# External Safety



## MississipVol (Mar 29, 2012)

I am in the middle of buying my first handgun. I really like the Glock 19 but I am a little scared off by the absence of an external safety, particularly since I have 2 kids (ages 8 & 10). I am accustomed to shotguns and rifles that usually have external safeties and I plan to keep this gun loaded so I am still thinking about moving to a gun WITH an external safety. Thinking about the Ruger SR9 or SR9c or either the S&M M&P 9c. 

Does anyone know if the Ruger SR9 has the trigger that the SR9c has? I have read several reviews that say the trigger is much better on the SR9c but they are all older so I don't know if they have upgraded the trigger on the SR9.

Any thoughts on this question, external safeties, or the Glock 19 vs SR9 (or 9c) vs M&P 9c??

TIA


----------



## tony pasley (May 6, 2006)

The best safety is located between your ears, show, teach, preach safety. Teach your kids about firearms and what they can do then they won't be wondering. Get a good safe for when the handgun isn't on you then use it.


----------



## rex (Jan 27, 2012)

This is strange coming from me but if the Glock is for you,get it.I don't like the design myself,or striker guns,but it doesn't mean it won't work.When it comes to kids,the safest place for it is on your hip or locked up,no matter what.

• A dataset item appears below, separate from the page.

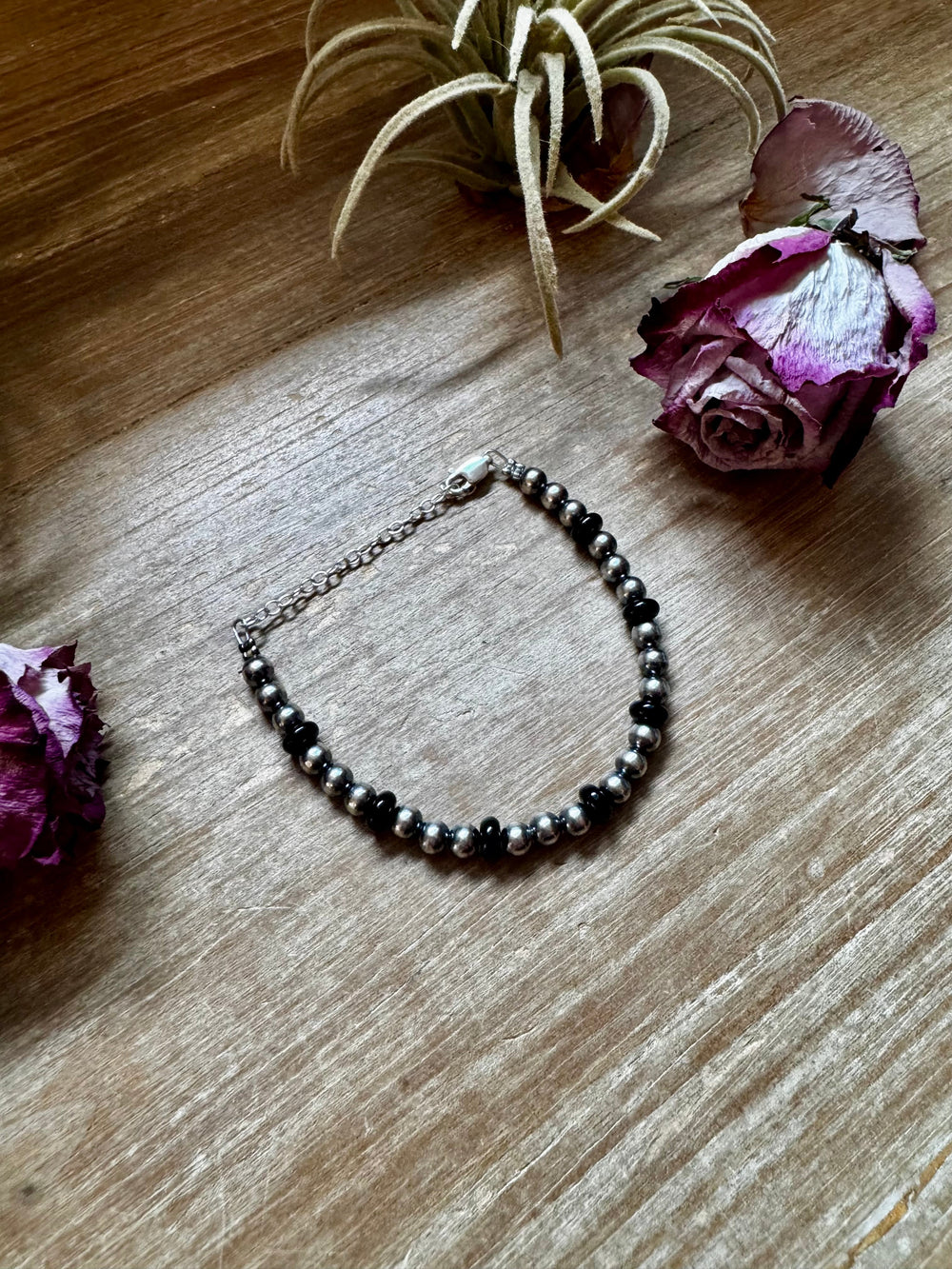 Black Onyx & Sterling Silver Pearl Bracelet – 5mm Bracelets Shopify Collective The Bijoux FAB Jewelry The Bijoux FAB Jewelry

I know little about the other 2,but the only Ruger auto I ever liked was the MKII.When it comes to plastic,I don't like it either,but when I broke down I went straight to the originator-HK.Like new can be had very reasonable,and if the PPQ doesn't prove out as good,you won't find a better gun.Opinions and funds vary though.


----------



## MikeyMike (Mar 25, 2012)

MississipVol said:


> I am in the middle of buying my first handgun. I really like the Glock 19 but I am a little scared off by the absence of an external safety, particularly since I have 2 kids (ages 8 & 10). I am accustomed to shotguns and rifles that usually have external safeties and I plan to keep this gun loaded so I am still thinking about moving to a gun WITH an external safety. Thinking about the Ruger SR9 or SR9c or either the S&M M&P 9c.
> 
> Does anyone know if the Ruger SR9 has the trigger that the SR9c has? I have read several reviews that say the trigger is much better on the SR9c but they are all older so I don't know if they have upgraded the trigger on the SR9.
> 
> ...


I understand your fear and would suggest you consider the great advice from Tony, and regardless of the weapon you choose, make the first round in the magazine a snap cap that only you are aware of, if you choose to leave a loaded magazine in it. An alternative choice for you is a S&W M&P 9 with the external safety, great weapon in my opinion. I have one in .45. Another 9mm with external safety is the FNX 9mm that comes to mind. I have the FNP 9mm in FDE and love it. I EDC a Glock 23 and at night, I put the laser/light on it and place it near the bed, during the day, it goes with me. On the days I do not carry, I lock it in the gun safe. Maybe you can get get a lockbox for yours and secure it that way when you are gone ....


----------



## usmcj (Sep 23, 2011)

I've carried a gun with an external safety for over 35 years, and I'm just fine with it. Shoot both if you can, and then choose what suits/fits you best. Without an external safety, you're likely in for a double-action first shot, followed by single action subsequent shots. I'm not a fan of that, but you might get along with it just fine. On the other hand, an external safety is not physically demanding, and proficiency with that system can be attained in just a few range sessions


----------



## usmcj (Sep 23, 2011)

Mikey-Mike... Sir, with all due respect. I'd NEVER.... even jokingly.... suggest to anyone that the first round in their carry gun be a snap cap. That is tantamount to simply offering up your life for someone else to take. Unless, you can conveince the bad guy to "_wait a sec, while I rack my slide to load up a live round, in order to properly defend myself_"...


----------



## ronmail65 (Jan 18, 2011)

tony pasley said:


> The best safety is located between your ears, show, teach, preach safety. Teach your kids about firearms and what they can do then they won't be wondering. Get a good safe for when the handgun isn't on you then use it.


THIS!!

Whatever gun you get, if it's not on your person then it should be in a locked safe if you have children around (or maybe even if you don't). If a kid can get their hands on a loaded gun, it takes no effort or time to simply switch off the safety. IMO, the presence of an external safety is largely irrelevant in this context and provides nothing more than a false sense of security.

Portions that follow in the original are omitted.